La recomposición del pueblo en torno a su unidad fantasmática se ve fuertemente perturbada por la acción de las subjetividades gay, lesbianas y transgénero que escapan del modelo mayoritario que la nostalgia de los neofascistas quisiera reconstruir en torno a la heterosexualidad. El ascenso de las fuerzas neofascistas está siempre acompañado de feroces campañas de “odio” contra la llamada “teoría de género”. La reconstrucción de la familia y el orden heterosexual constituye el otro vector poderoso de la subjetivación fascista.
Lo que comparten el viejo y el nuevo fascismo es un fondo de autodestrucción y un deseo suicida que el capital les ha transmitido: un capital que no es “producción” sin ser al mismo tiempo “destrucción” y “autodestrucción”. Después del suicidio de Europa en la primera mitad del siglo XX, cuando el capitalismo alcanzó el grado más alto de desarrollo de sus fuerzas productivas, ¿estamos presenciando el de Estados Unidos, donde las fuerzas productivas han superado otro umbral de crecimiento? En cualquier caso, hay una continuidad, un aire de familia que atraviesa el capital y el fascismo, que el siglo XX ha sacado a la luz y que el siglo XXI propone nuevamente, bajo nuevas formas.

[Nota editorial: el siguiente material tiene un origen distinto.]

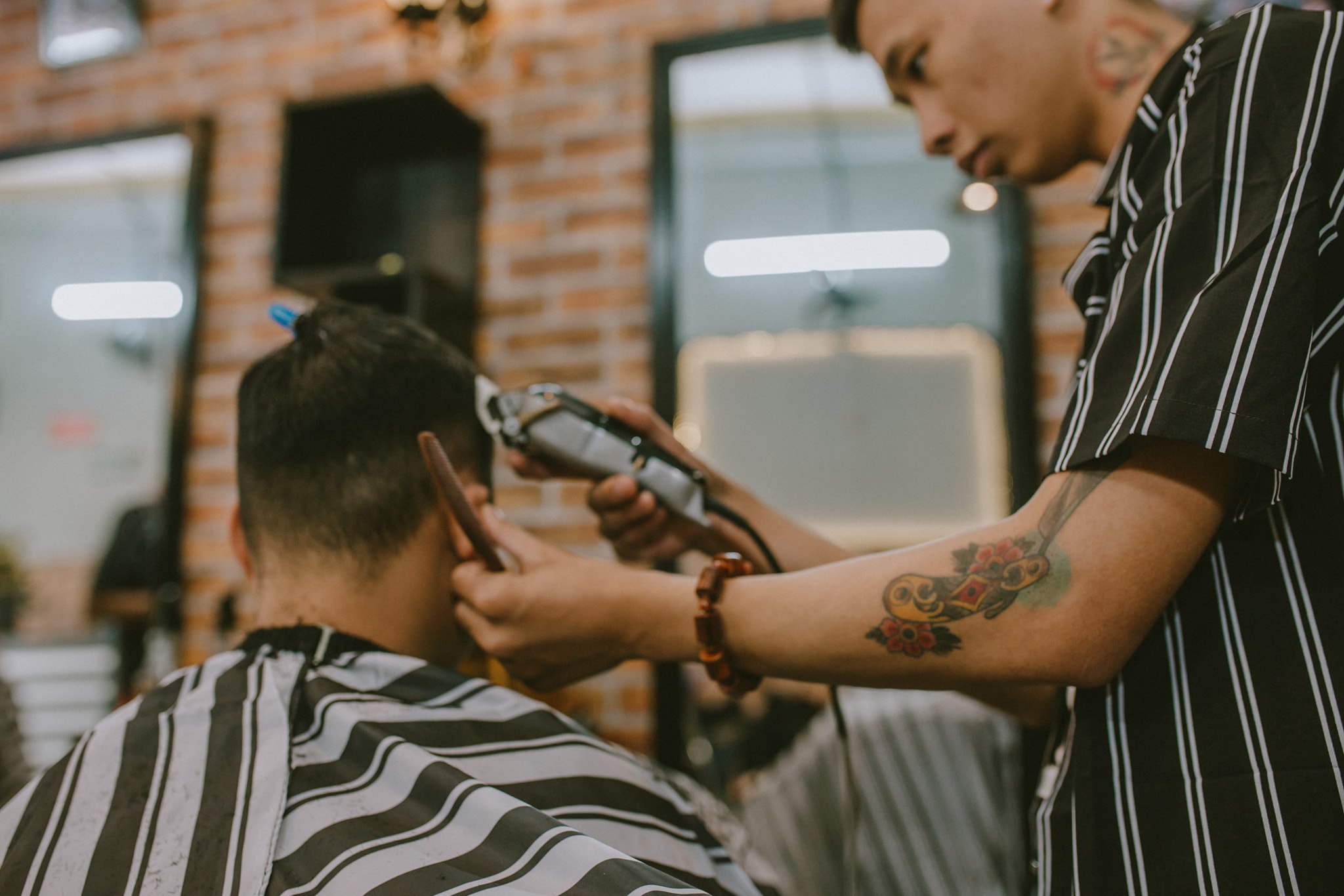 Cách cắt tóc nam bằng kéo và tông đơ siêu đơn giản  Trường THPT Kiến Thụy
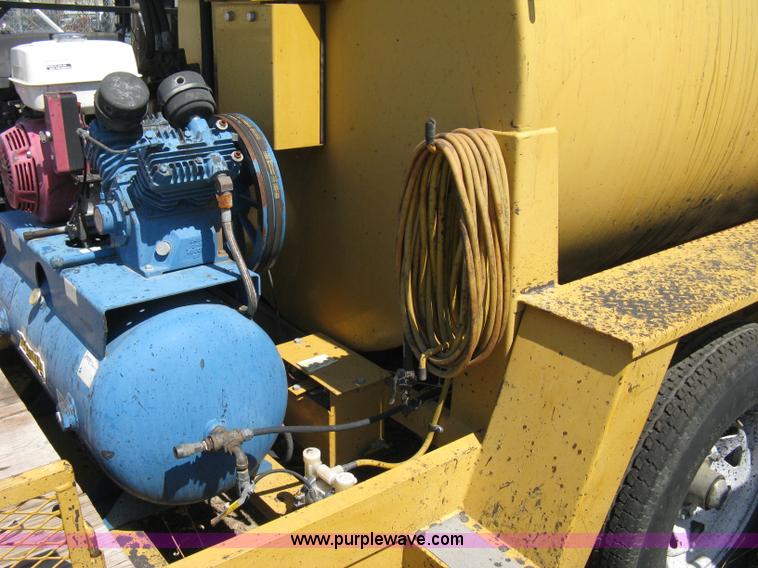 image for item A4361 2005 Seal-rite tandem axle trailer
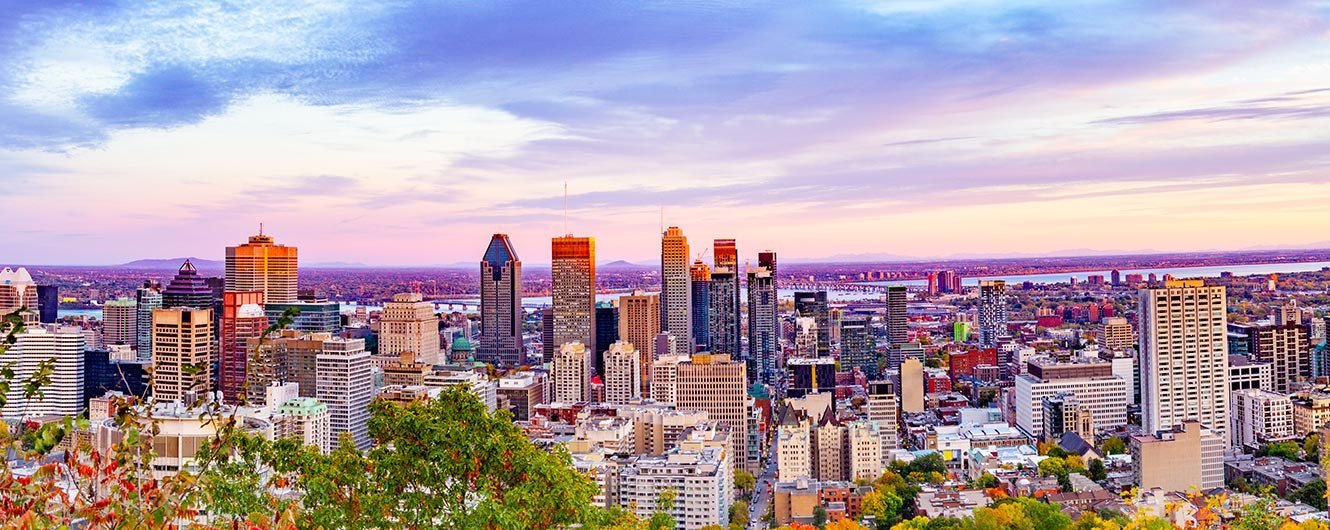 Vue panoramique de Montréal au coucher du soleil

La evolución de esta ola fascista es difícil de prever: se caracteriza por notables diferencias internas –Erdogan y Bolsonaro por un lado, el neofascismo europeo por el otro, y Trump en el medio–. Lo que puede afirmarse con certeza es que los fascismos históricos no han resuelto las contradicciones y los impasses del capital. Por el contrario, los exasperaron y, por lo tanto, llevaron al mundo hacia la Segunda Guerra Mundial. Trump está desestabilizando al capitalismo neoliberal al querer acelerar la desregulación de las finanzas, fortalecer los monopolios de las empresas estadounidenses (especialmente las digitales), reducir los impuestos en beneficio de una “plutocracia”, mientras pretende proteger a las víctimas de estas mismas desregulaciones y monopolios (la clase trabajadora blanca). Por no mencionar su política exterior.
El renacer del fascismo en Europa no data de hoy. Es simultáneo al comienzo del neoliberalismo (mientras que en América Latina, el fascismo fue su condición de posibilidad), debido a que la denuncia de la solución fordista de los “Treinta Gloriosos” requería nuevas modalidades de división, de control y de represión. Incitada, solicitada, organizada por el Estado, la gestión del racismo, el sexismo y el nacionalismo pasó a estar en manos de los nuevos fascismos.
Desde la perspectiva de Foucault, no hay ninguna dificultad para comprender su proliferación global: en cierto modo, los fascismos siempre han estado allí, son parte de la organización del Estado y del capital. Foucault los llama “excrecencias del poder”, que existen virtualmente “de manera permanente en las sociedades occidentales”, que son “en cierto modo estructurales, intrínsecos a nuestros sistemas y pueden revelarse a la menor oportunidad, lo que los vuelve perpetuamente posibles”.11 Cita, a modo de “ejemplos ineludibles”, “el sistema mussolinista, hitlerista, estalinista”, pero también Chile y Camboya. El fascismo no hizo más que prolongar “una serie de mecanismos que ya existían en el sistema social y político de Occidente”. Pero si Foucault captó bien la relación entre Estado y fascismo, no vio su vínculo con el capital, que los vuelve componentes de su máquina de guerra.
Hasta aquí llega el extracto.